Abbott, Turnbull and the gang thought that instead of letting media organisations play politics, they'd have politics play media. As with pretty much all this government's most cunning plans, it has failed irretrievably within hours of being announced.

Former Liberal Prime Minister Malcolm Fraser denounced the cuts to the ABC, and to SBS (which his government established). ABC broadcaster Mark Colvin recalled the Bland Report and jeered at what he called Fraser's "double standards". Yet, Colvin and his colleagues at ABC News and Current Affairs thought they were so clever in reporting on the Gillard government in the way the Coalition hoped they might, and for not being 'even-handed' in speculating what an Abbott government might be like. They gladly fed the (contemporary) Coalition crocodile.

Colvin still can't believe he or the ABC would ever be guilty of double standards himself. He can't imagine such an accusation even being made. Such high-handedness and selective blindness makes him the exemplar of not only what's right about the ABC (when he's on song) but also what's worst (when he's not). The extent to which the ABC relies so much upon so few makes the case for cuts stronger, not weaker.

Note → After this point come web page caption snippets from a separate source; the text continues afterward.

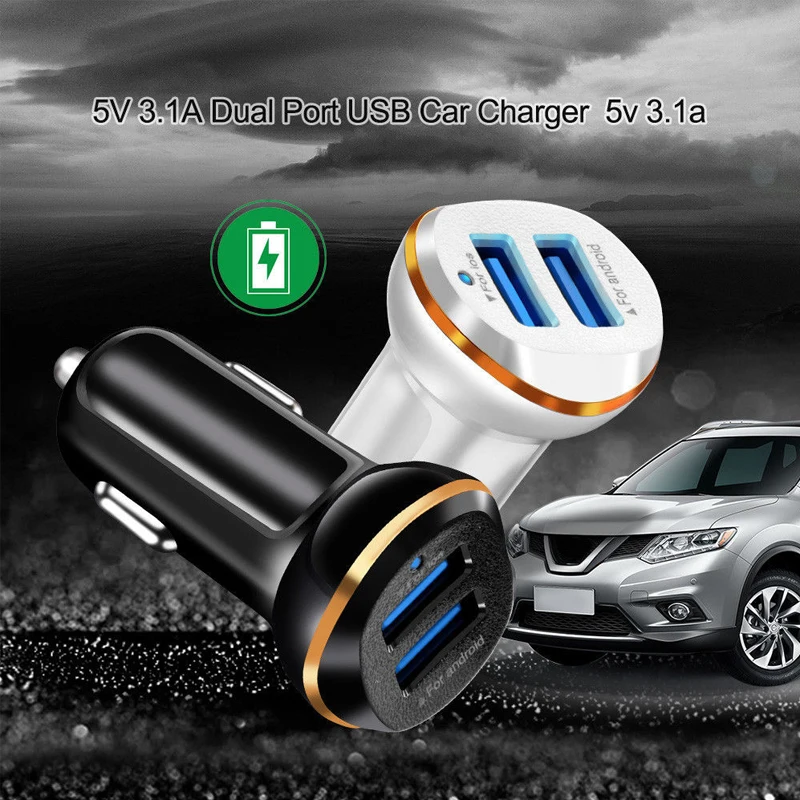 VINISUNG Mini Dual USB Автомобильное зарядное устройство мобильный телефон планшет 3.1A универсальное быстрое зарядное устройство автомобильное зарядное устройство адаптер для iPhone 11 X XS 8 7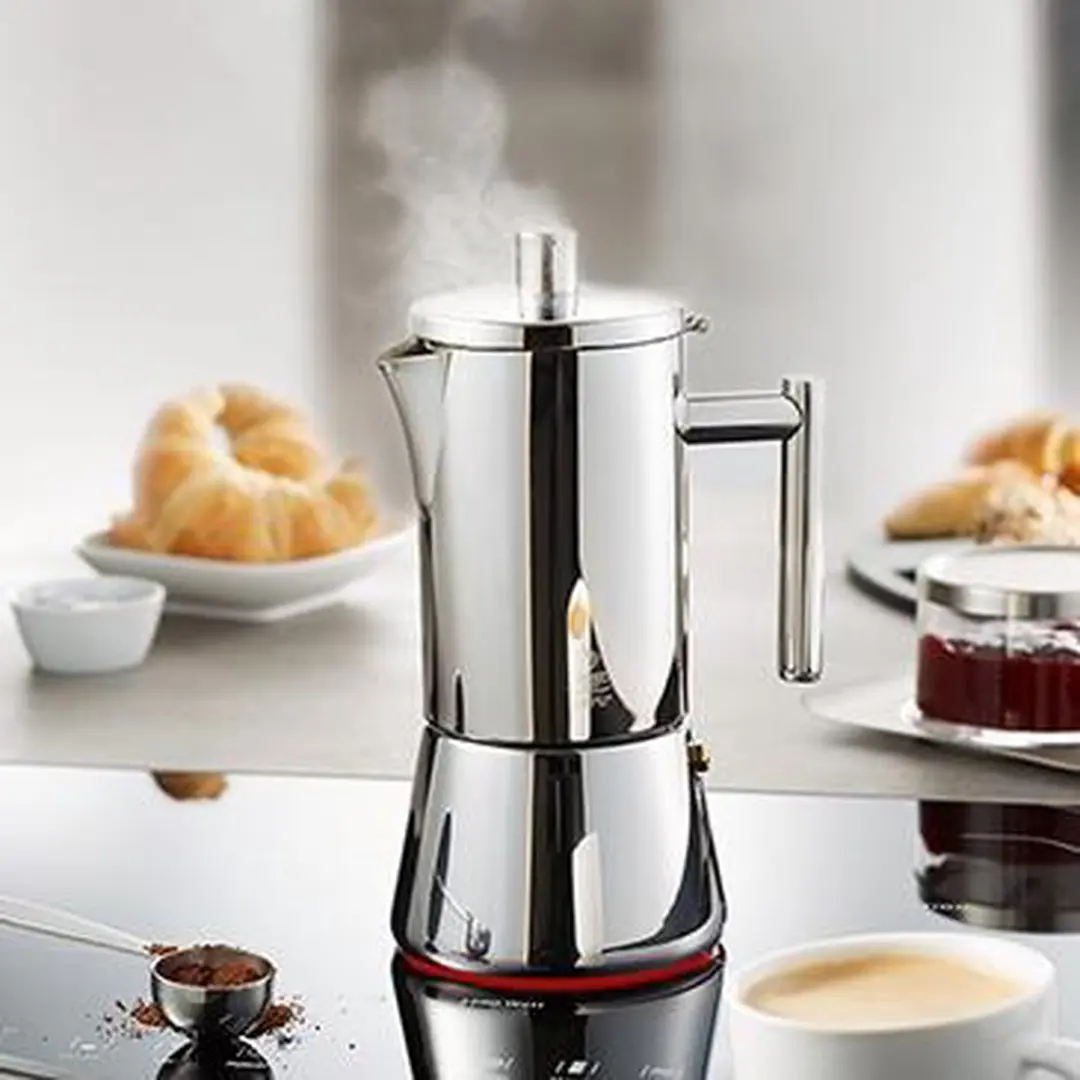 GEFU Nando Espressomaker 4 Koppen - Inductie - Zilver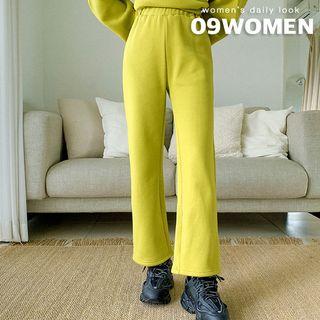Fleece-lined Wide-leg Sweatpants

Today, we have a government that disdains to provide journalists with any real information, and to be fair only very few actually bother seeking it out. Today we have a government that can send journalists to prison and spy on their sources. These is what happens when your first priority is maintaining journalists in their pose of balance, to the point where their actual research and story-telling skills wither from disuse. This is why merely reversing the cuts would restore nothing worth having, and increase scrutiny of government not one jot.

Spare us this 'Hunger Games' crap. Honestly. Everyone works in insecure environments these days. Get over yourselves and shut up.

It would be asinine to say that Scott is banking on Labor and the Greens to come through for him, as this shows. It's beyond wrong, it's beside the point. It's just so 20th century.

The two-party system has broken down because communities not considered 'marginal seats' felt neglected, and so are changing their politics to avoid the majors and become politically contestable, getting things done that wouldn't be done if you leave things to the 'professionals'. Denison had been a safe Liberal seat and then a safe Labor one; now it's held by an independent. Indi had been held by 'Black Jack' McEwen and by a putative minister in the current government; now it's held by an independent. Senior Labor MPs Anthony Albanese and Tanya Plibersek face little threat from local Liberals, but are forced to maintain constant vigil against the Greens. Chris Pyne won the safest Liberal seat in South Australia in 1993; now they've stopped listening to him and will chuck him next time.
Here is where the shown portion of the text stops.